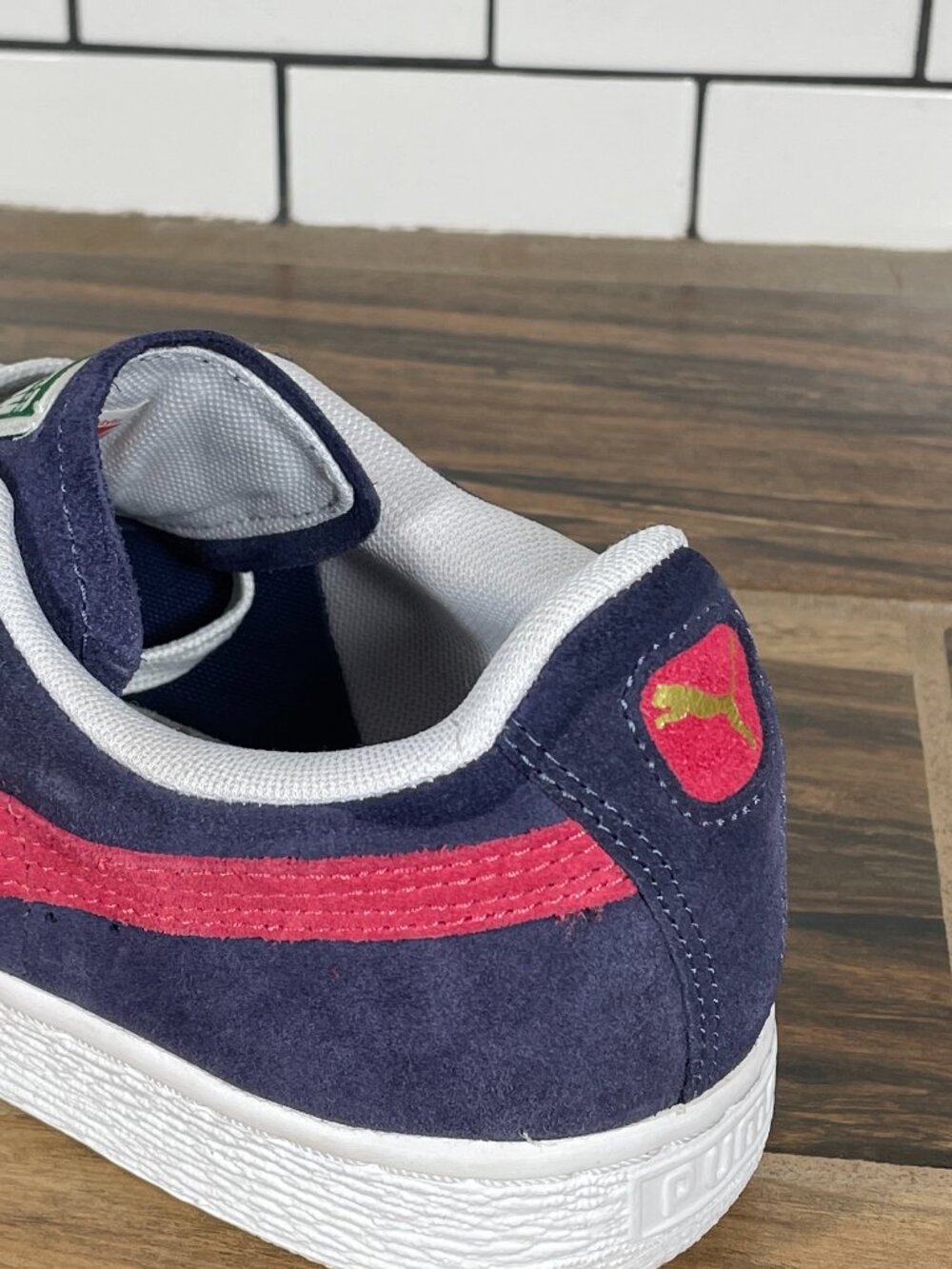 Puma Suede Classic Shoes Womens Size 8.5 Crown Blue Red Casual Low Top Sneaker - Picture 5 of 13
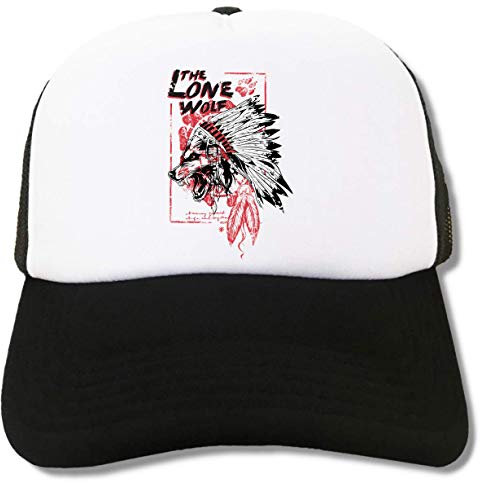 The Lone Wolf Native American Art Trucker Cap Baseball Hat
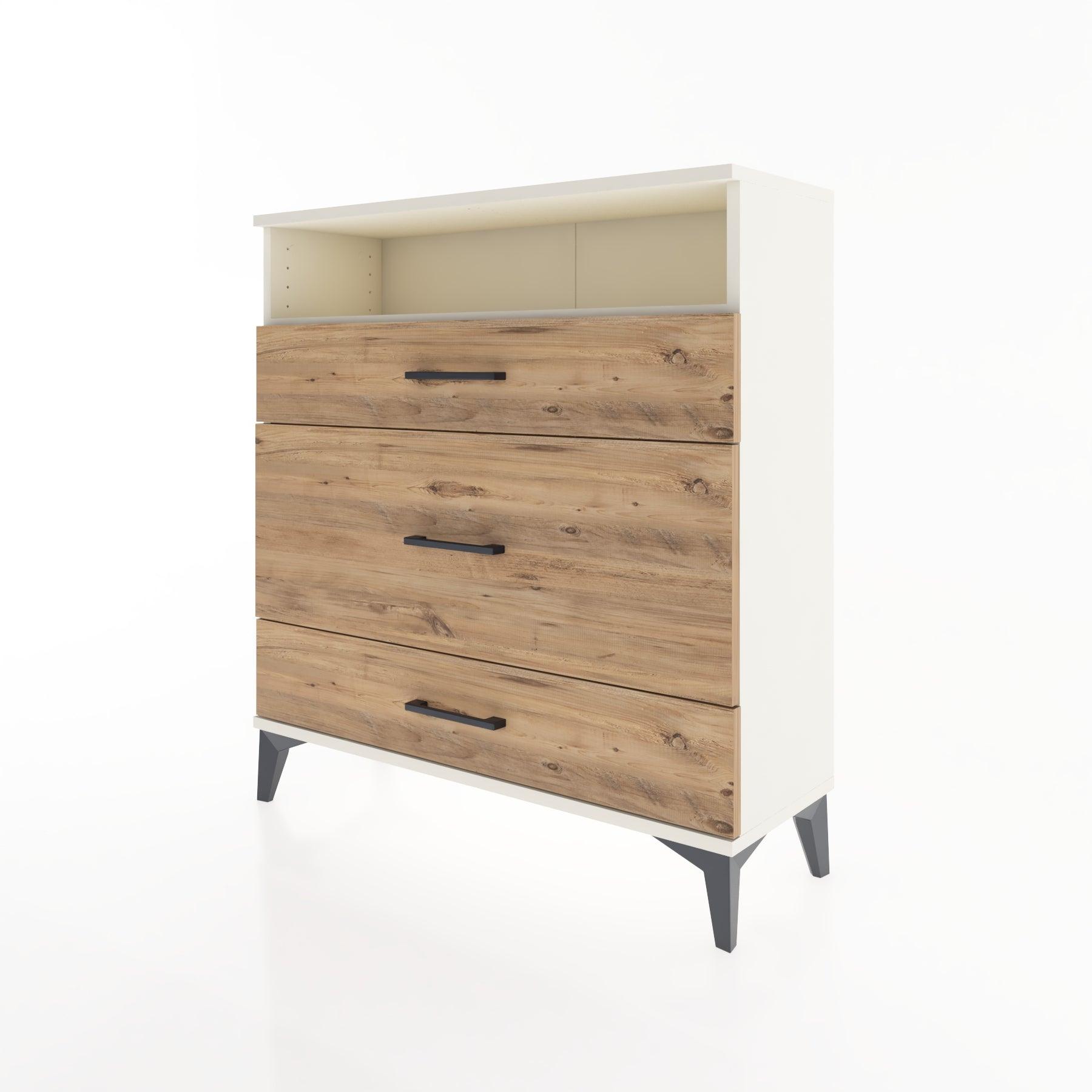 Woodntry Modular Dresser Moonstone 88x30x84 cm with Drawers and Shelves CR20-1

**WORK INSTRUCTION**
I'd like the material above repeated exactly, with the pictures omitted.

**TASK RESULT**
 Puma Suede Classic Shoes Womens Size 8.5 Crown Blue Red Casual Low Top Sneaker - Picture 5 of 13
 The Lone Wolf Native American Art Trucker Cap Baseball Hat
 Woodntry Modular Dresser Moonstone 88x30x84 cm with Drawers and Shelves CR20-1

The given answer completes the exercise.